### TASK TO COMPLETE
Return the data exactly, apart from leaving out the pictures.

*** EXERCISE DATA ***

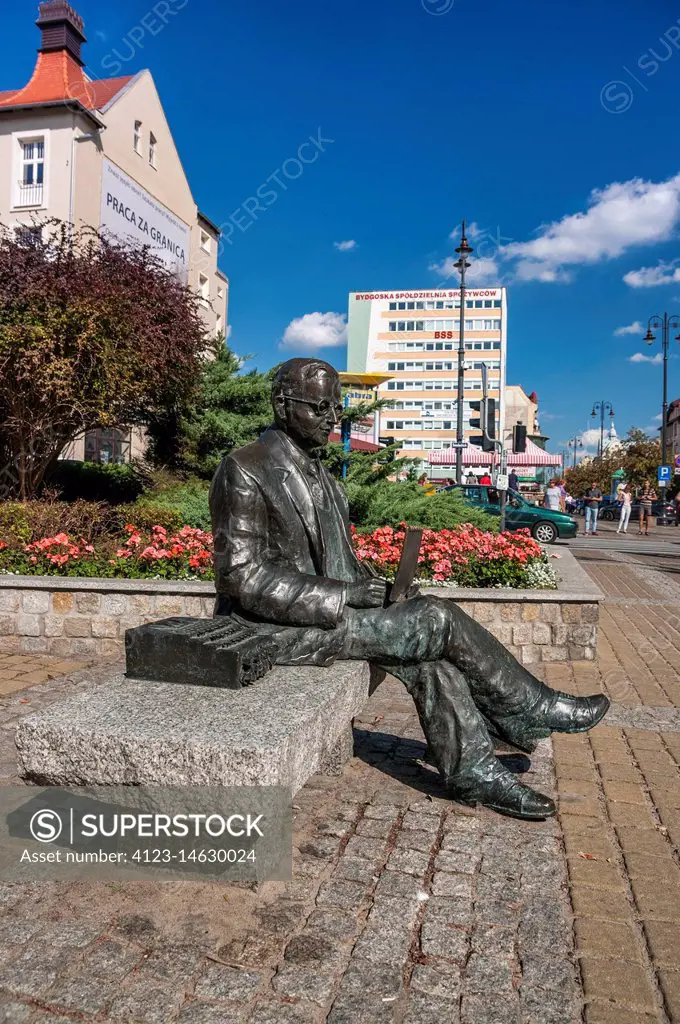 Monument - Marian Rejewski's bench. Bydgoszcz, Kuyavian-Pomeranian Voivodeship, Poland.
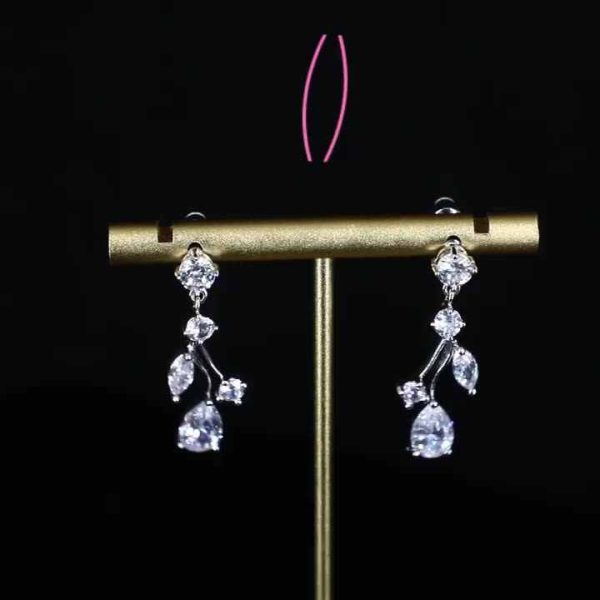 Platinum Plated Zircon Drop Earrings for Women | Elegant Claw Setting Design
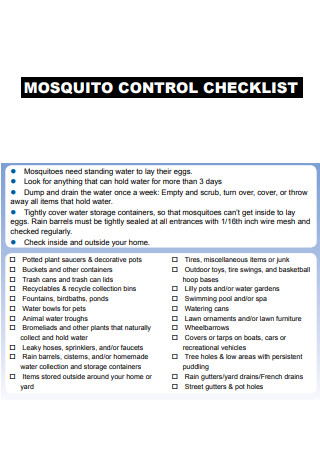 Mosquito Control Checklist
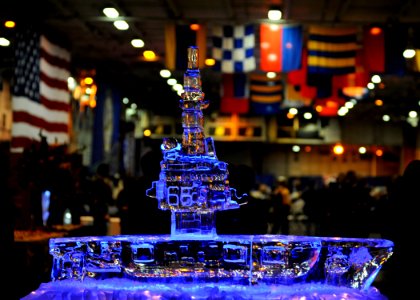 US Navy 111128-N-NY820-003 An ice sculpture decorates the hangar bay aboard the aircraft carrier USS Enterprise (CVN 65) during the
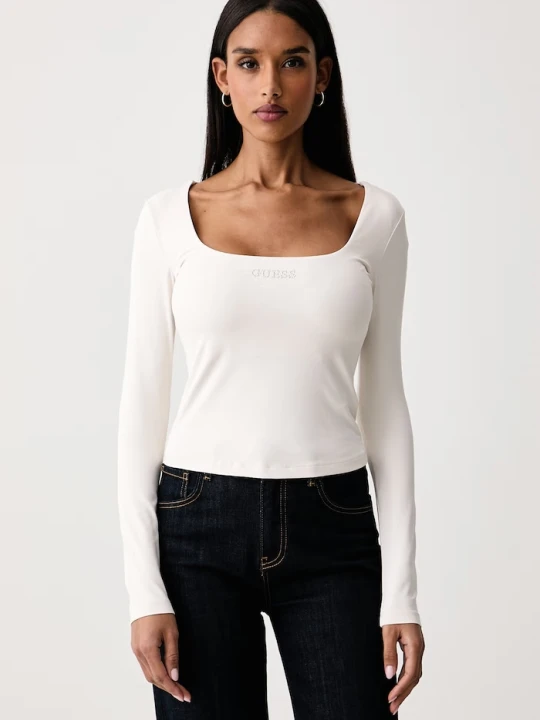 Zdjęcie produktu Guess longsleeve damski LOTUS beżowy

***

### TASK OUTPUT
 Monument - Marian Rejewski's bench. Bydgoszcz, Kuyavian-Pomeranian Voivodeship, Poland.
 Platinum Plated Zircon Drop Earrings for Women | Elegant Claw Setting Design
 Mosquito Control Checklist
 US Navy 111128-N-NY820-003 An ice sculpture decorates the hangar bay aboard the aircraft carrier USS Enterprise (CVN 65) during the
 Zdjęcie produktu Guess longsleeve damski LOTUS beżowy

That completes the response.